Disney has had ups and downs over the last few years but has continued growing thanks to its resilient business. Here are three things smart investors know about the Walt Disney Company, and you should, too.
No. 1: Surpassing the streaming king
Disney entered the streaming industry by becoming a stakeholder in Hulu in 2009, later gaining a 60% majority stake in the platform after it acquired 21st Century Fox in 2019. However, Disney fully immersed itself in the booming market, launching its flagship streaming service, Disney+, in November 2019. The platform has vastly altered the market and quickly attracted more subscribers than any other platform.
Netflix (NFLX -0.44%) had a near monopoly on streaming for over a decade, but Disney's recent addition to the industry has changed all that. In the first quarter of 2022, Netflix's market share stood at 23%, while Disney's Hulu and Disney+ took up a leading 25%. Then in Q3 2022, Netflix's market was 21%, while Disney had retained its 25%.
Disney also surpassed Netflix for most subscribers in the industry in Q3 2022 and retained its leading position in Q4 2022, with a combined 235.7 million subscribers against Netflix's 223.1 million. The company's ability to dominate streaming in three years proves the power of Disney's content and the promise of its future in the industry.
No. 2: Disney+ headed toward profitability
The biggest concern for Disney investors in the company's latest quarter was the expense of Disney+. Over the last year, Disney has sunk $30 billion into content, heavily investing in expanding the platform and achieving its current position as the king of streaming.
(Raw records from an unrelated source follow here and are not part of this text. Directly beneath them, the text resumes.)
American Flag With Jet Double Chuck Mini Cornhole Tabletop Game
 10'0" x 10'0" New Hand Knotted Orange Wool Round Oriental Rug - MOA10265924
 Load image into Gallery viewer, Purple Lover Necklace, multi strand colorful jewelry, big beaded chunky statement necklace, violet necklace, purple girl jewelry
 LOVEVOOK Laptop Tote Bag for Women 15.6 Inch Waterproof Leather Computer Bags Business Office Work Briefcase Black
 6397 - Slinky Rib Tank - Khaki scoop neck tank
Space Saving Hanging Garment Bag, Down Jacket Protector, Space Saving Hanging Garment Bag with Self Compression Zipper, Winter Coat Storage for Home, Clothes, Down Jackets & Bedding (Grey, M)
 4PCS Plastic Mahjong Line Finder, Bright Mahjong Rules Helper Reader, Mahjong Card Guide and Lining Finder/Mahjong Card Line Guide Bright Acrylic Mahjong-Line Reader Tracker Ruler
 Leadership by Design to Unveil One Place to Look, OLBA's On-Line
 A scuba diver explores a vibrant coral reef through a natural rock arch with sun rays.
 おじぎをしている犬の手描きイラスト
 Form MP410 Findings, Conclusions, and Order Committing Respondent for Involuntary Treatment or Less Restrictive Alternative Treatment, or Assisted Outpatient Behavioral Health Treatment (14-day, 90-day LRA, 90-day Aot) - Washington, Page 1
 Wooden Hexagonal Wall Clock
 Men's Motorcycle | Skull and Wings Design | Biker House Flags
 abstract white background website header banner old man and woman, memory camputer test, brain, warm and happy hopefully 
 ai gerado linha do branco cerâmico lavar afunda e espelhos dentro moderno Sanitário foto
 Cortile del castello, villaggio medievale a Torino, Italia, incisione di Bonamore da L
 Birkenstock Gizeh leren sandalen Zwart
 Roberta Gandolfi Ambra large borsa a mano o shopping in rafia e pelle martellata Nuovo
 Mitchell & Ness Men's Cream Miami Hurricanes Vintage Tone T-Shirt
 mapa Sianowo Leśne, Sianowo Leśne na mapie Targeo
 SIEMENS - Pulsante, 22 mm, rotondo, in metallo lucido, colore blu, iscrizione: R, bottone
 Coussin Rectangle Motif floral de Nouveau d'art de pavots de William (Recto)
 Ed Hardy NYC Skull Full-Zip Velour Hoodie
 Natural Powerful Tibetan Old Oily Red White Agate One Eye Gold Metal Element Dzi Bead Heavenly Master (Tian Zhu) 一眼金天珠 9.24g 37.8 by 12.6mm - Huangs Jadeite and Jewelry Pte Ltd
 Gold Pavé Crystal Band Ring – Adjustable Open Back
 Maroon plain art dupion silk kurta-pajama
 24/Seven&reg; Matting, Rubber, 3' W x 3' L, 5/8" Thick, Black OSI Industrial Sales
As a result, in Q4 2022 Disney's media and entertainment segment saw revenue fall 3% year over year to $12.7 billion, while operating income decreased by 91% to $83 million. However, the company's parks business pulled more than its weight, with revenue soaring 36% year over year to $7.4 billion and operating income rising over 100% to $1.5 billion.
While Disney's content spending throughout the year is concerning, the company has assured shareholders it will decrease this figure in 2023. The company revealed in its Q4 2022 earnings report that it expects its "operating losses to narrow going forward" and for Disney+ to "achieve profitability in fiscal 2024."
With its position at the top of the industry secured, the company can begin to focus primarily on profits. Considering any stock investment should be based on long-term growth, Disney's future as the home to a highly profitable streaming business and successful parks segment cannot be ignored.
No. 3: Making inroads in the live service games market
Live service games are video games where companies aim to generate continuous revenue via microtransactions. The offerings within games could include cosmetic accessories, such as skins, or extra game content. Live service titles are often released as either free-to-play or premium titles that include optional purchases within the game.
While Disney has staunchly focused on its streaming business in the last couple of years, it has also made inroads in the lucrative live service market, with titles such as Disney Dreamlight Valley, Marvel Snap, and more.
According to GlobeNewswire, the video game microtransaction market is worth $67.6 billion and will surpass $106 billion in 2026, a compound annual growth rate of 11.9%. As a result, many companies have entered the industry in recent years. For instance, Electronic Arts runs live services across more than 25 games, with microtransactions making up about 70% of its bookings. Disney has not disclosed the exact revenue its games have made so far, but Marvel Snap has picked up a lot of steam since its release in June. It has reached over five million downloads on Alphabet's Google Play Store and won Mobile Game of the Year at the Game Awards. Meanwhile, Disney Dreamlight Valley hit one million players 10 days after its release on Aug. 23 and will go free-to-play in 2023, likely attracting many more players.
With rapid success in its streaming business headed toward profitability, a flourishing parks business, and a promising venture into live service games, Disney stock is an excellent long-term investment. It has footholds in nearly all aspects of entertainment and will likely continue dominating the industry for decades.